The first was the impact of electrode application on DEA performance. Three carbon grease electrode application methods were used; stippled, smeared diagonally, and smeared radially. The intention of the study was to assess the effect of non-homogenous application methods on DEA performance. The electrode material was applied to the elastomer after the film had been prestrained to 300% the original area on a large Perspex frame. A mask was applied to the area and the electrode material was applied to the surface using a cotton swab and the above-mentioned techniques. Smaller Perspex frames were then fixed to either side of the elastomer material in order to constrain to outer edges of the electrodes. Thereafter, a sealed cavity was created on one side of the DEA using a rubber gasket and Perspex base, figure 9 The sealed cavity was required in order to inflate the DEA and allow it to assume the initial diaphragm structure, illustrated in figure 10(b). The initial inflation of the DEA is considered as the introduction of a directional bias in the actuator, thus forcing the actuator to only produce a deflection response in the direction of the initial inflation.

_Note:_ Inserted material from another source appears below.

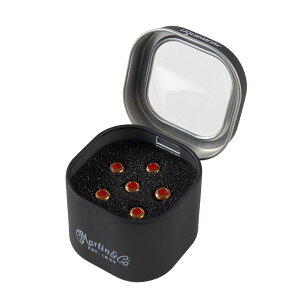 �u���b�W�s�� �}�[�`�� MARTIN Luxe by Martin Bridge Pins Gold With Red 18APP0006 �S�[���h ���b�h�h�b�g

This directional bias was known as the initial height of the DEA and encompassed the second variation of synthesis procedure testing. The authors conducted multiple strain tests at various initial heights in order to assess the impact of initial height on the DEA performance. Section 4 of this paper details the results and findings of the investigations.

4 Findings and discussions

4.1 DEA material selection

Figures 11 through 13 are the graphical results generated from the first iteration of DEA testing. This series of experiments were conducted in order to select the ideal materials to be implemented in the second iteration of diaphragm proof-of-concept testing.

The Microfyn and Pressol curves in figure 11 confirmed the original hypothesis that the finer grade particulate of graphite exhibited superior strain properties than the less expensive Pressol grade material. The largest strain results were achieved by the carbon grease electrode samples, agreeing with the author assumption that particles suspended in a matrix will generate improved electrostatic properties than a powder adhered directly to the surface of the elastomer film.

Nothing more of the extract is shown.